MEHRHEIT Köster war neben der früheren Bundesjustizministerin Katarina Barley aber der einzige SPD-Abgeordnete, der die Verschiebung des Votums ablehnte. Auch fast alle Abgeordneten von Grünen und Linken stimmten dafür, allerdings erfolglos: Eine deutliche Mehrheit von Konservativen, Christdemokraten und Liberalen pochte darauf, das Ratifizierungsverfahren des Vertrages abzuschließen und auf symbolische Warnschüsse an die Adresse Israels zu verzichten.
Der deutsche Europarlamentarier Sergey Lagodinsky sagte der Jüdischen Allgemeinen, auch er sei wegen der Annexionspläne der Regierung in Jerusalem »sehr besorgt«. Allerdings, so der Grünen-Politiker, »sehen viele von uns nicht, wieso ein weitgehend technisches Abkommen präventiv zum Scheitern gebracht werden sollte, ohne zu wissen, ob und was am 1. Juli in Israel beschlossen wird«. Israel sollte nicht anders behandelt werden als jeder andere Staat, betonte Lagodinsky.
In der Schlussabstimmung im Plenum billigten schließlich 437 der 686 teilnehmenden Abgeordneten das Abkommen. Darunter waren auch die meisten deutschen Parlamentarier.

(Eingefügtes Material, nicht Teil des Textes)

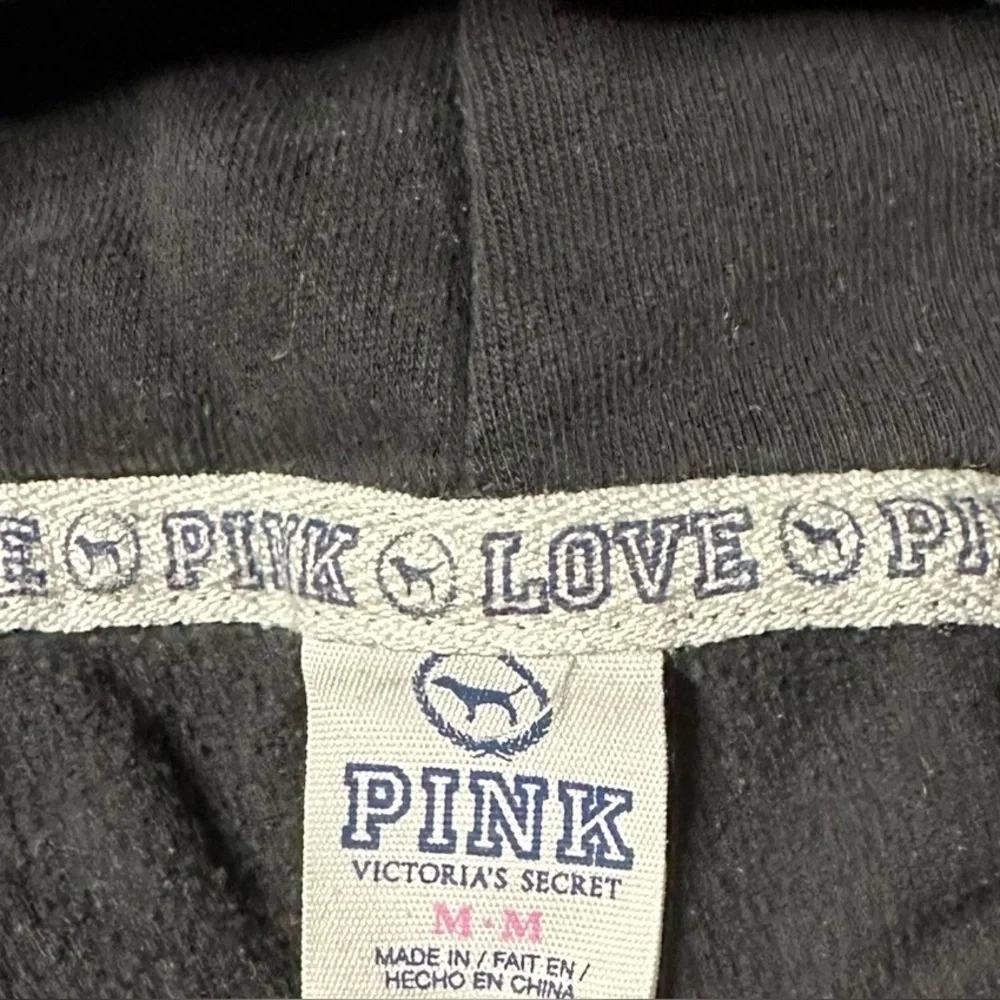 Victoria’s Secret PINK Love Pink Black Hoodie Sweatshirt Women’s Medium - Picture 2 of 5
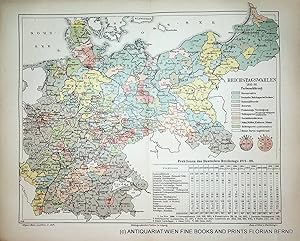 DEUTSCHES REICH, Landkarte zu den Reichstagswahlen 1893-98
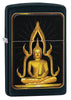 Front view of the Black Matte Buddha Lighter shot at a 3/4 angle 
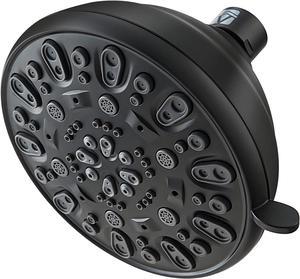 High Pressure Shower Head VMASSTONE 4.7" Rain Fixed Showerhead 7-Spray Setting with Adjustable Brass Swivel Ball Joint - Excellent Replacement for Your Bath Shower Head (FM-001 Matte Black)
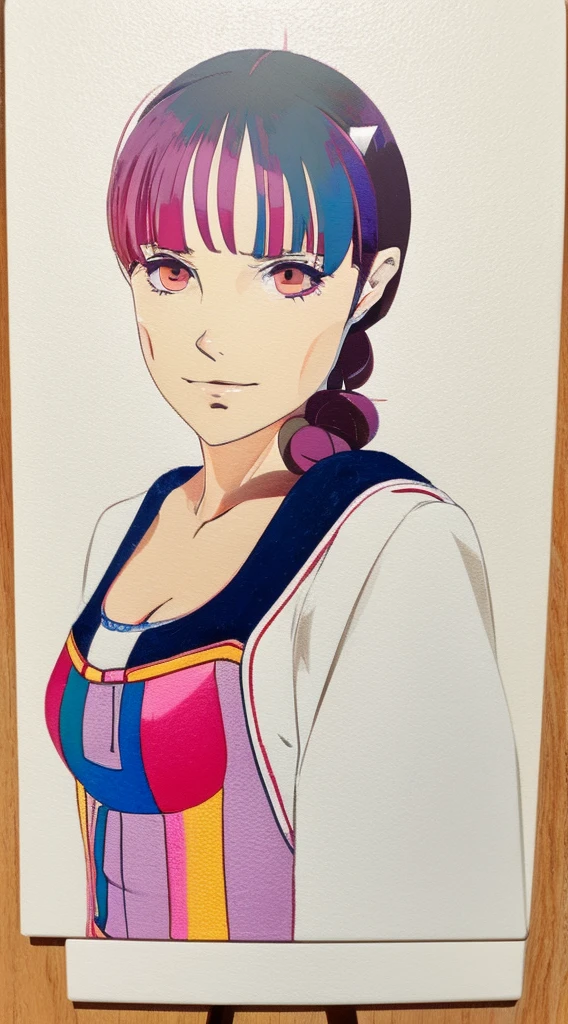 pintura moderna cubista de chica anime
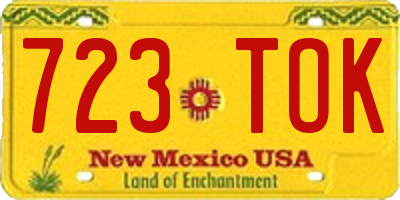 NM license plate 723TOK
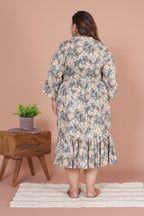 Plus Size Grey Cotton Blend Flared Frock Style -600012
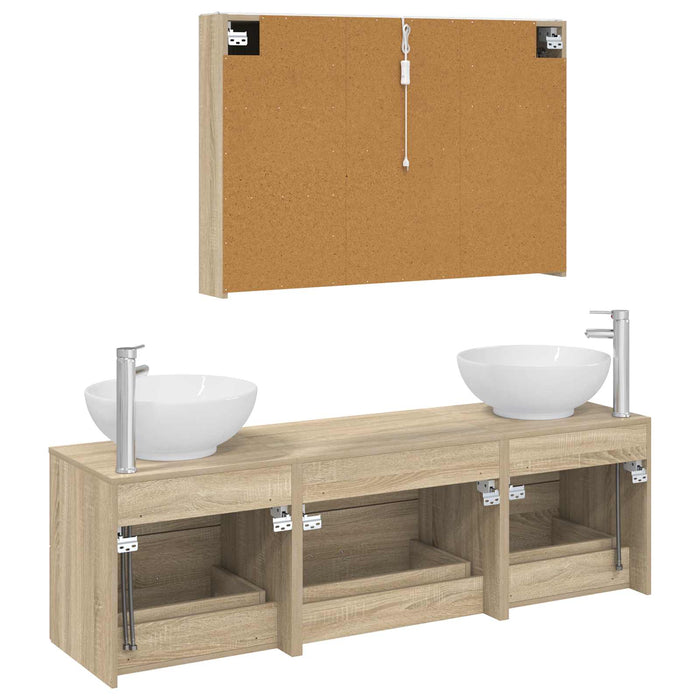 Set de mobilier pentru baie 4 pcs Stejar Sonoma WALTI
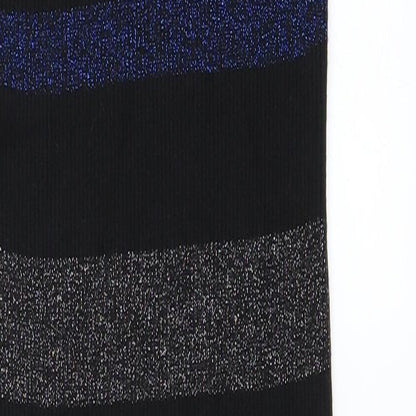 Preworn Womens Black Striped  Bodycon  Size M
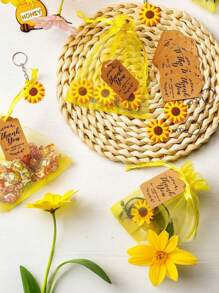45pcs Sunflower Keychains Party Favors Set, Sunflower Party Favors,Including Sunflower Key Chains Organza Bags, Thank You Kaf Tag, Thank You Kraft Labels,For Birthday, Summer Party, Wedding Party Supplies, Birthday Wedding Shower Return Gifts,Mother's Day Gifts,Birthday Gifts,Graduation Gifts,BabyShower Return Present,Hawaii,Pool Beach Party
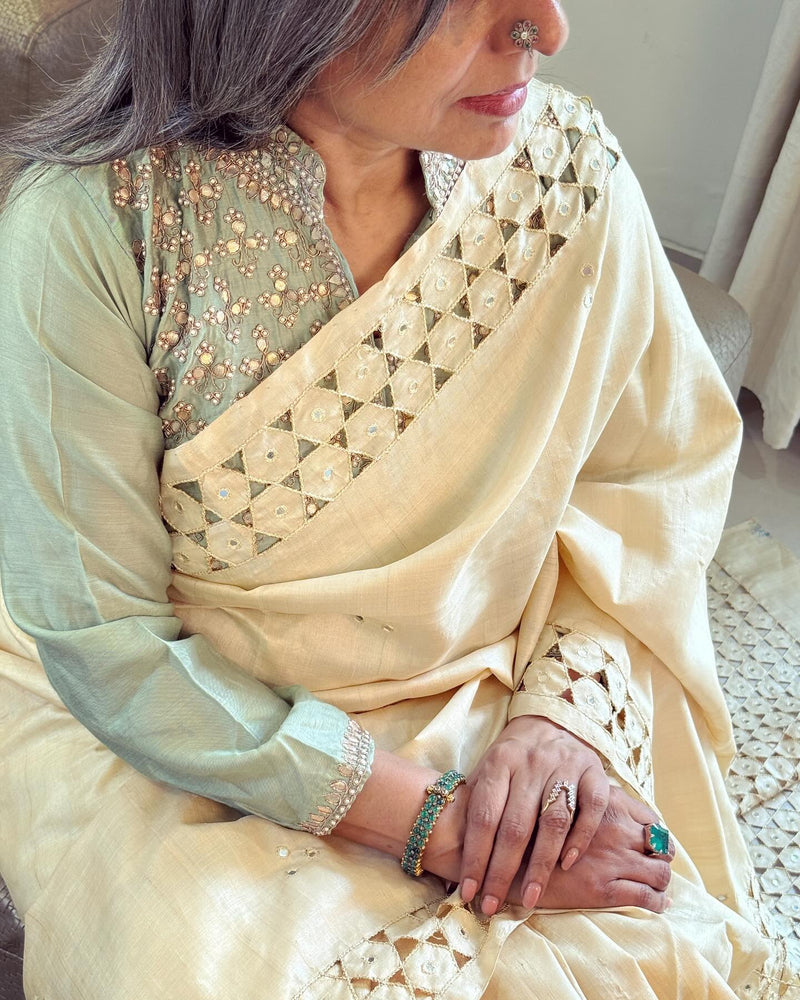 EE-W07408 Cream Tussar Cutwork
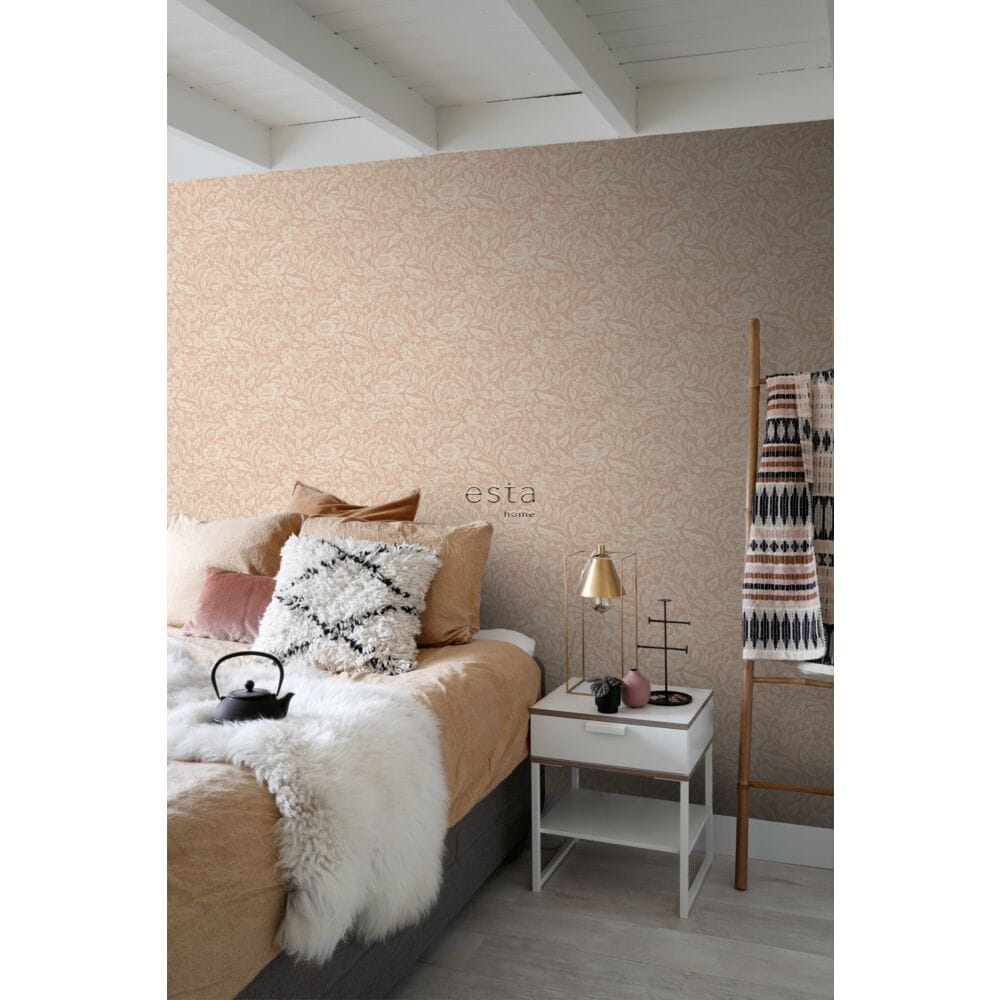 Esta 139427 Vintage Flowers terracotta pink - tapeta w kwiaty i liście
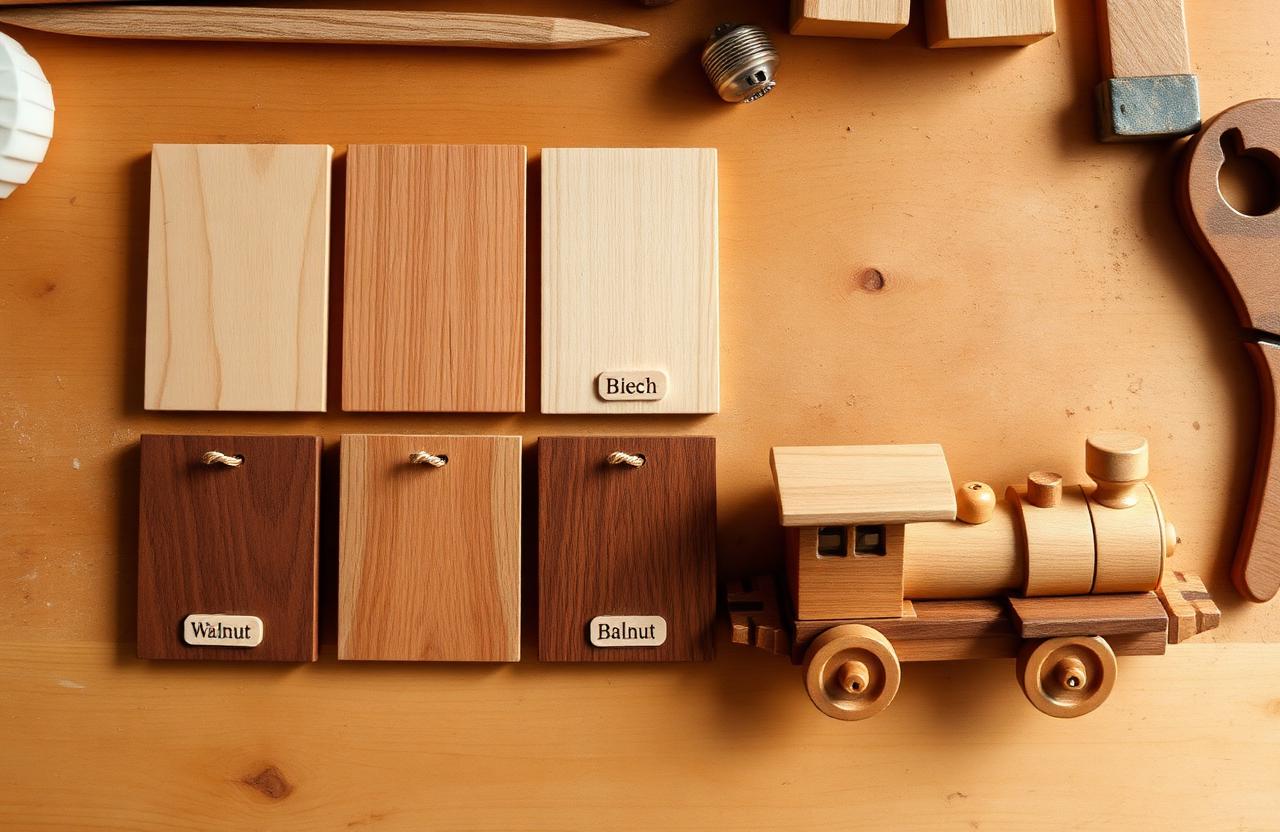 Flat lay of six hardwood samples beside a finished wooden toy train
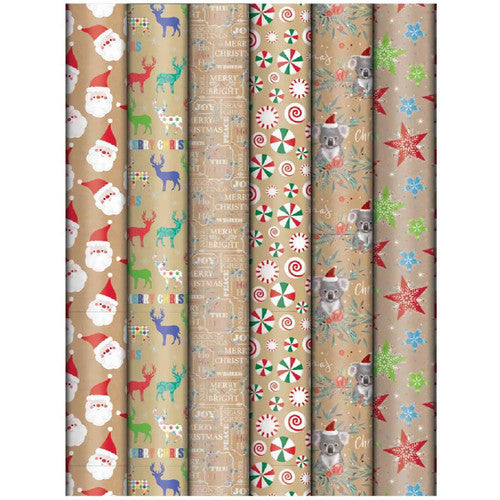 Ronis Christmas Wrap Kraft Print 200x70cm Assorted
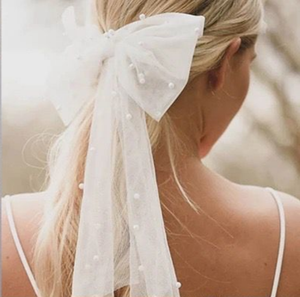 <span class=keywords><strong>Mariage</strong></span> nœud papillon voile blanc perle pince à <span class=keywords><strong>cheveux</strong></span> Tulle mariée voiles <span class=keywords><strong>courts</strong></span> Bachelorette fête <span class=keywords><strong>cheveux</strong></span> accessoires pour femmes et filles - Product Image 5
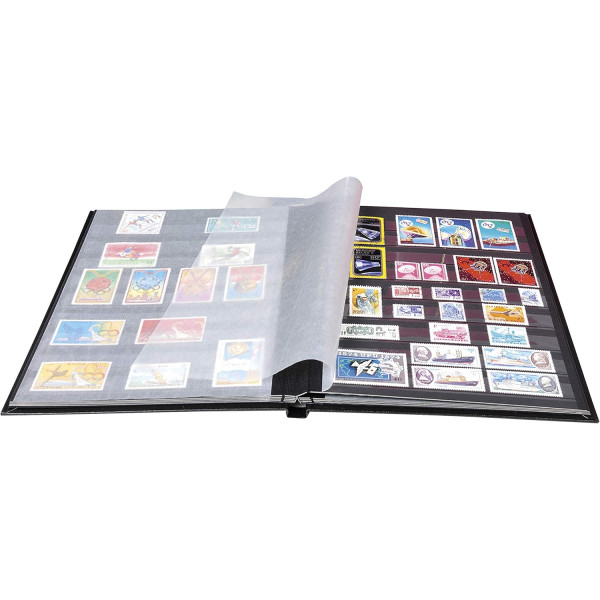 Album de timbres - Philatélie - 30,5x22,5 - Simili cuir - Noir - 64 pages - Collection timbres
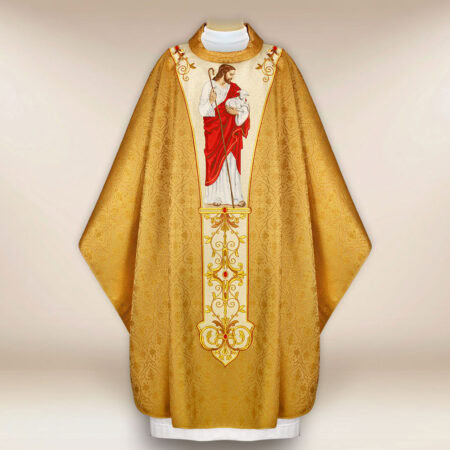Casula sacerdotale ricamata Gesù Buon Pastore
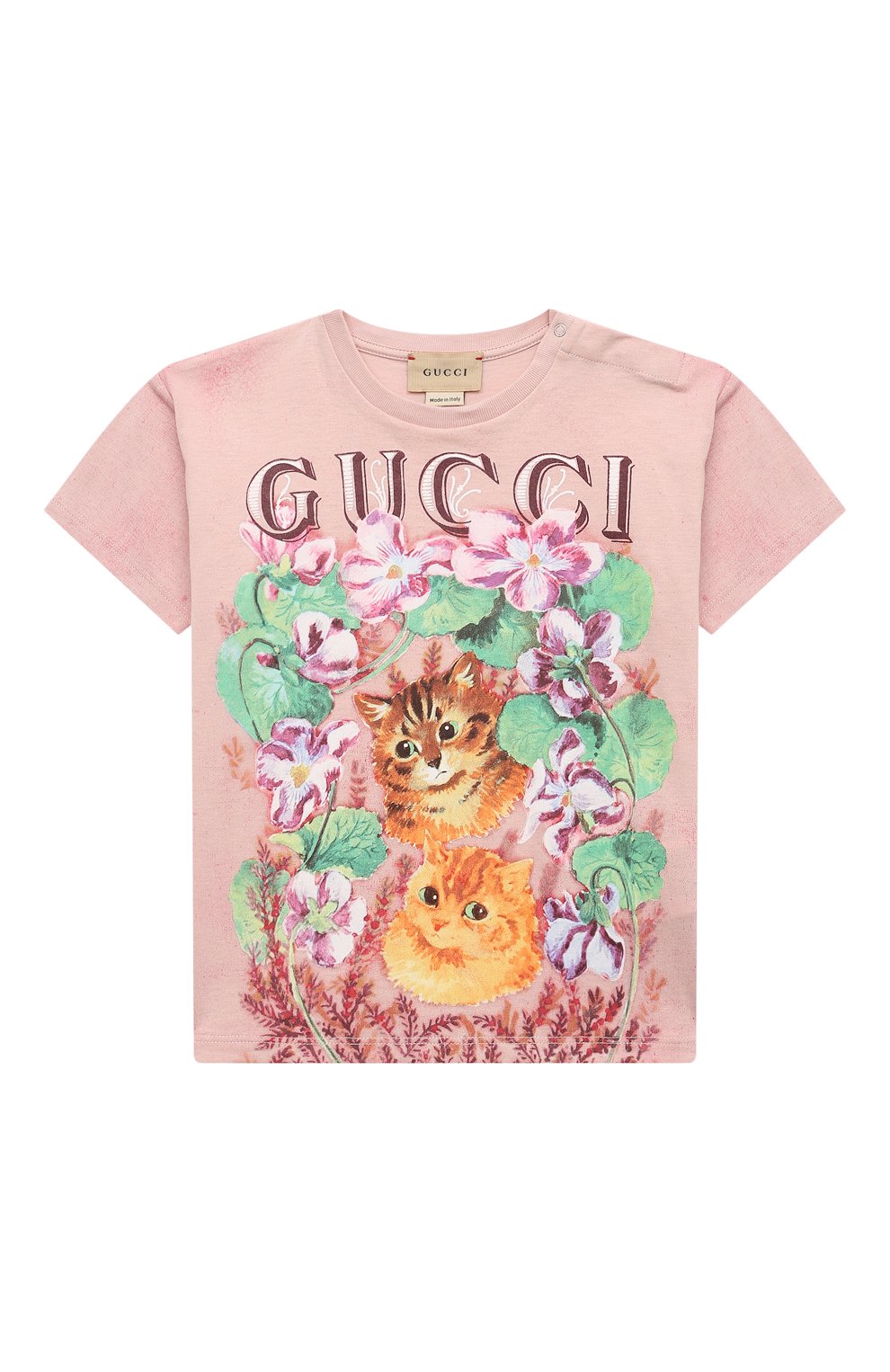 Хлопковая футболка GUCCI, арт. 581019/XJD2K/9-12M, фото 1
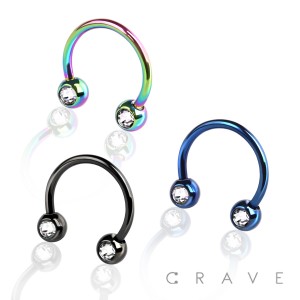 IP OVER 316L SURGICAL STEEL FRONT FACING PRESS FIT GEM BALLS HORSESHOE FOR NIPPLE, SEPTUM AND E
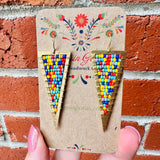 Beaded Chevron Triangle Earrings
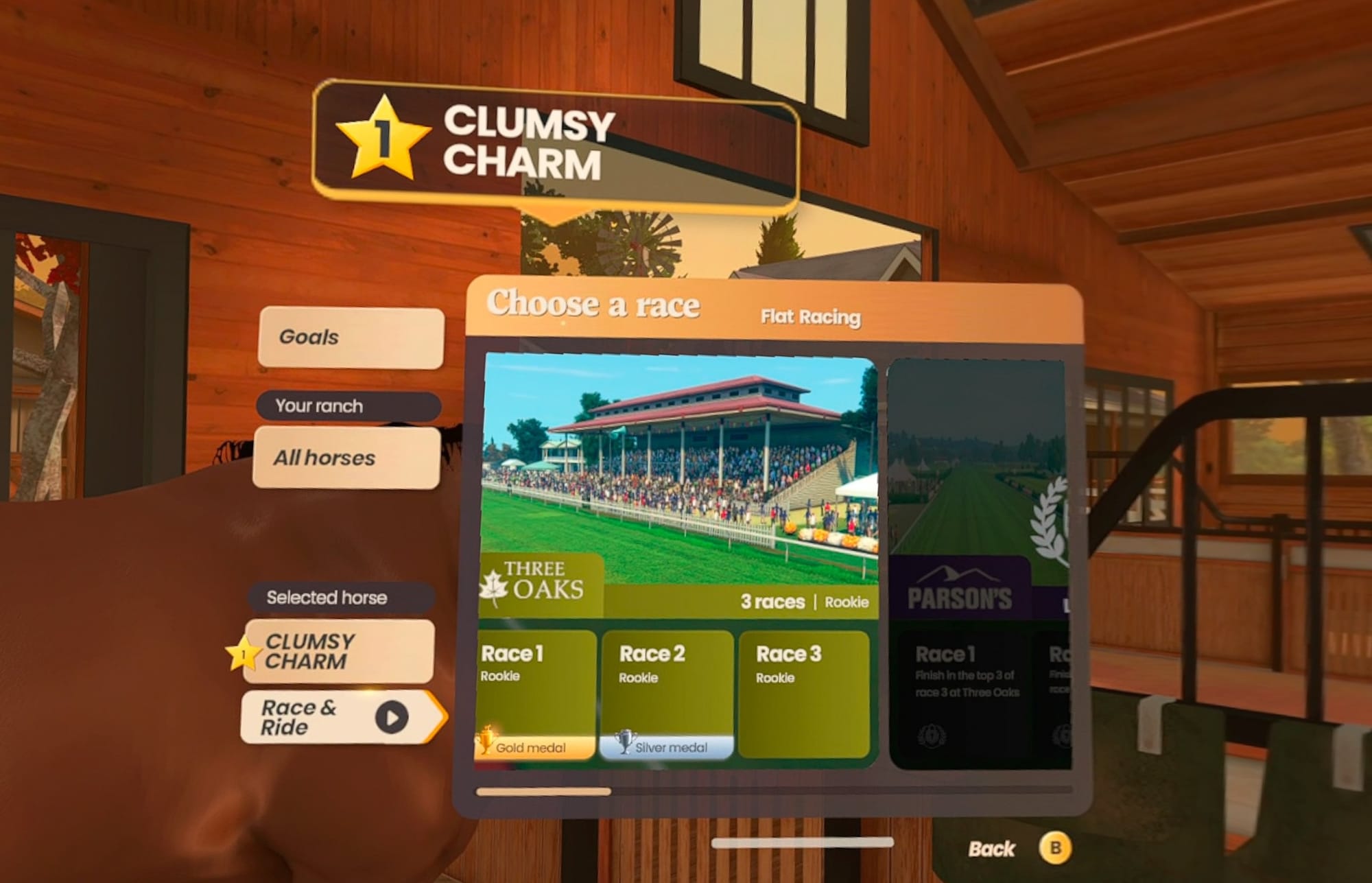 A menu in Rival Stars Horse Racing: VR Edition that shows options for goals, raising horses, and racing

Weniger kontrovers ging es im Parlament bei den Abstimmungen über die Luftverkehrsabkommen der EU mit anderen Ländern zu. So wurden ohne Aussprache die entsprechenden Verträge mit der Volksrepublik China, Jordanien und Georgien vom Parlament durchgewunken. Im Gegensatz zum Abkommen mit Israel äußerte dabei keiner der Abgeordneten völkerrechtliche Bedenken oder hatte ein Bedürfnis zu protestieren.